The original Slippery When Ill album represented a turning point in the history of the Vandals. It was their first album to feature Dave Quackenbush on vocals, who would remain the band's singer throughout the rest of their career. It was also something of a departure from the punk rock formula of their previous releases, fusing a country and western style with their humorous brand of punk. The result was a sound the band called "cow punk" which somewhat mocked the resurgence in popularity of country music in their native Huntington Beach. Two exceptions were the songs "Shi'ite Punk" and "(Illa Zilla) Lady Killa," which relied heavily on scratch boxes. These songs were left off Country Tunes and replaced with the more country-sounding "Play That Country Tuba, Cowboy" and "Complain." "Shi'ite Punk" was re-issued the following year on the special anniversary re-release of their album Fear of a Punk Planet.

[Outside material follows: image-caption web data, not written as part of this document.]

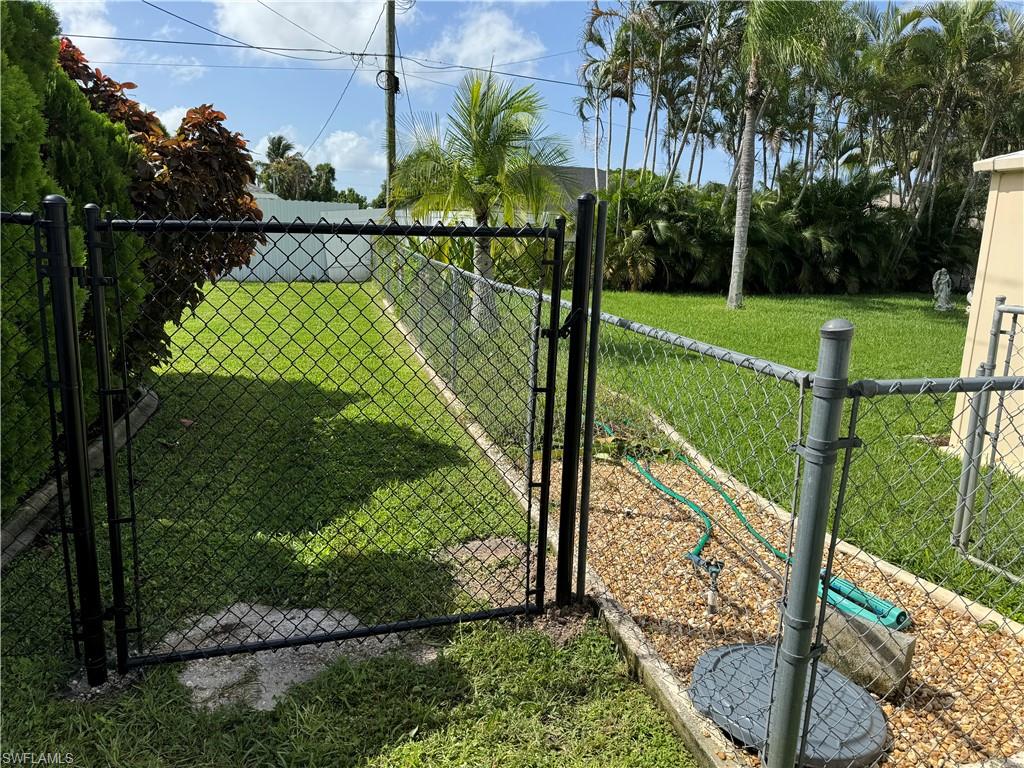 Black chain link fencing enclosing a grassy area with mature trees and landscaping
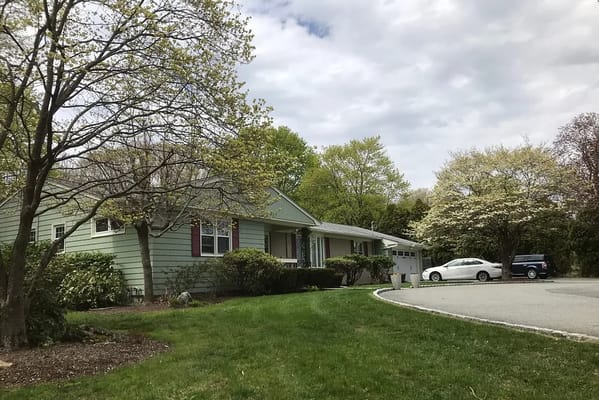 Exterior view of a senior living facility with green landscape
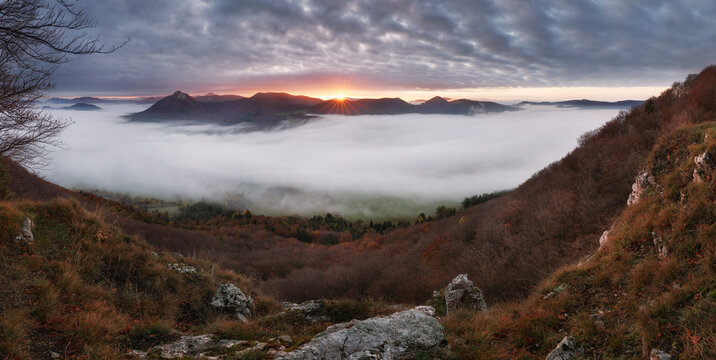 Panorama of autumn mountain over clouds with sun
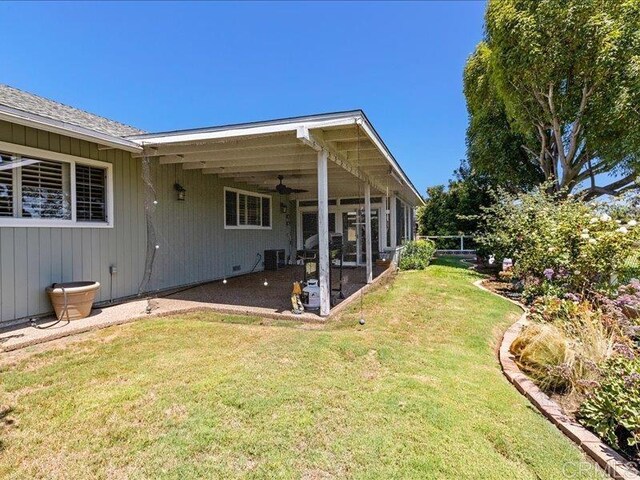 1051 La Reina, San Marcos, CA 92078 - view of yard featuring ceiling fan, a patio area, and cooling unit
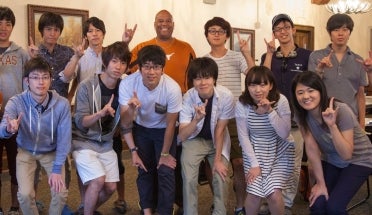 ELC students from Hitosubashi University smile and throw a "Hook 'em"" sign.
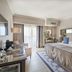 Dona Filipa Hotel in Almancil guest room with king bed, balcony doors, and ocean-style patterned headboard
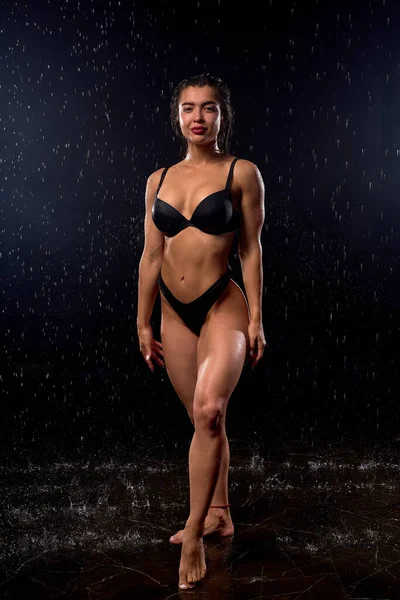 Atleta bagnato alta donna magra indossa lingerie nera in posa in gocce d'acqua piovana — Foto Stock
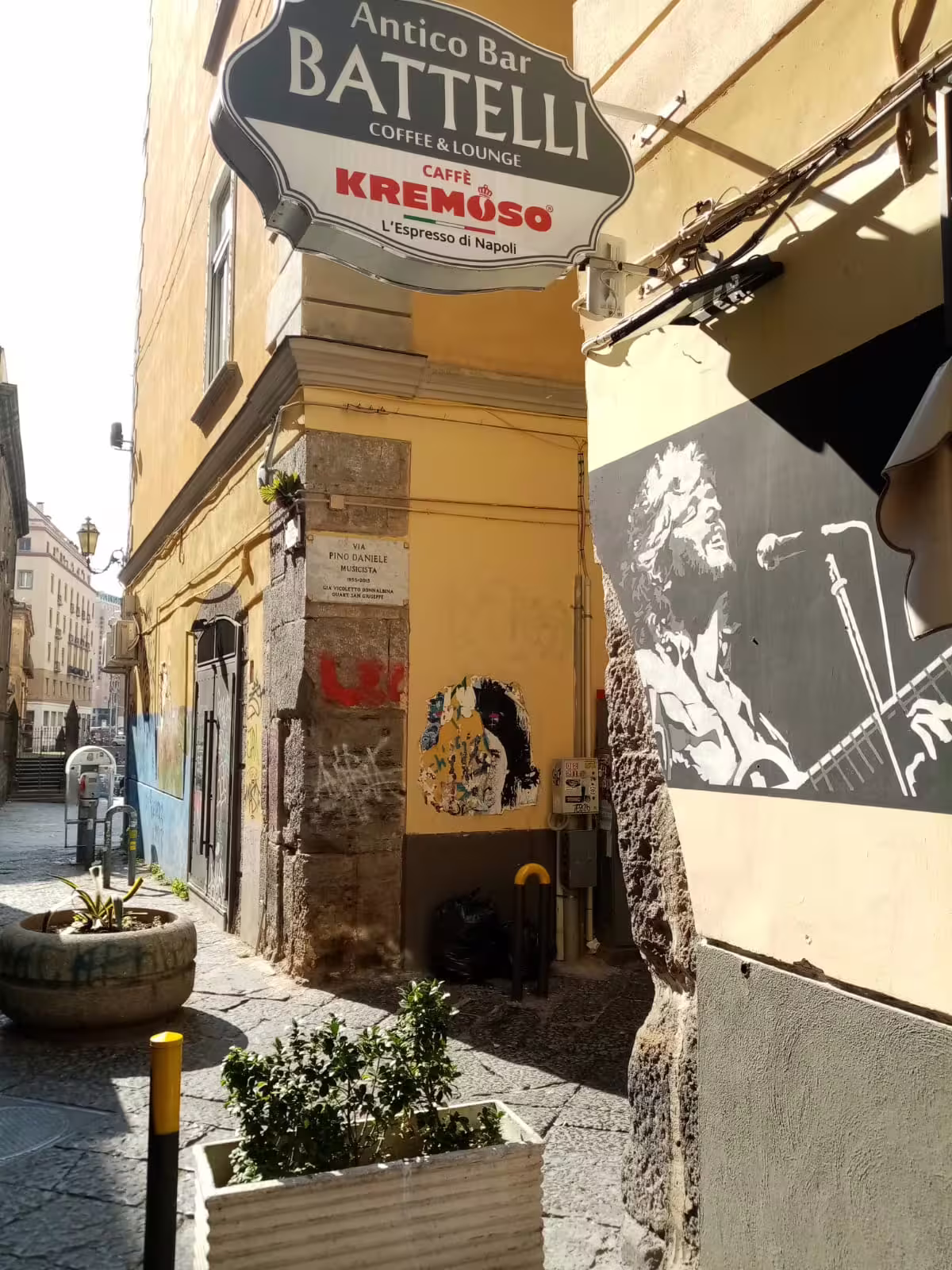 Narrow historic alley in Naples with Pino Daniele mural and Antico Bar Battelli sign on guided music walking tour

Mininmal credits are given for the last two songs on the album. Stan Freese is credited after the title "Play That Country Tuba, Cowboy" although it is unclear exactly what his credits are in the creation of the song. He is the father of Josh Freese, drummer for the Vandals since 1990, and is also an accomplished tuba player who contributed to the band's 1998 album Hitler Bad, Vandals Good. He sings and plays tuba on the song, although it is unclear who provided the rest of the musicianship and backing vocals. Likewise no credit is given for "Complain," except that it is "from the film Bob Roberts". Bob Roberts is the title of a 1992 movie starring, written and directed by Tim Robbins, in which he plays a right-wing folk singer running for political office. "Complain" is one of the songs performed by Robbins in the film, and it is covered on this album by the Vandals. Based on the dates of the film and of the band's involvement with the Freese family, it is most likely that the band's lineup of Dave Quackenbush, Warren Fitzgerald, Joe Escalante and Josh Freese (a lineup which has remained intact since 1990) should receive credit for the performances on these last two songs. However, no specific recording or production information is given.
A fairly straightforward humorous song about clowns.
Tells the story of a trucker who has been on the road so long that he doesn't remember what he's delivering, to where, or even what his love interest's name is.
The song compares the narrator's girlfriend to a natural landscape, in this case one a bit harsher than most.
This is a cover of a patriotic song by the Charlie Daniels Band.
In this song, a man uses an alcohol container shaped like Elvis that his girlfriend gave him as a metaphor for the end of their relationship. The emptier the bottle gets, the further apart he and his girlfriend grow.
In this song, of one of the band members has a phone sex relationship with a girl back home while the band is on the road.
Tells the story of a tough Florida sheriff who is particularly hard on poachers.
The song tells of a metrosexual-type friend who steals the narrator's girlfriend, and offers the advice that one can get rid of such a girlfriend by taking her to a Vandals show, where much cooler girls can be found.
A performance by Stan Freese in which he, a classical tuba player, stops in a bar and is confronted by several tough country music fans. He is able to impress them, however, by belting out country and western songs on his tuba.
A cover of a song from the 1992 Tim Robbins film Bob Roberts, in which a corrupt right-wing folk singer runs a crooked campaign for senate. The song details typical complaints of the "have nots" in America, making them seem like whiny, uneducated freeloaders living on welfare and demanding handouts from the government.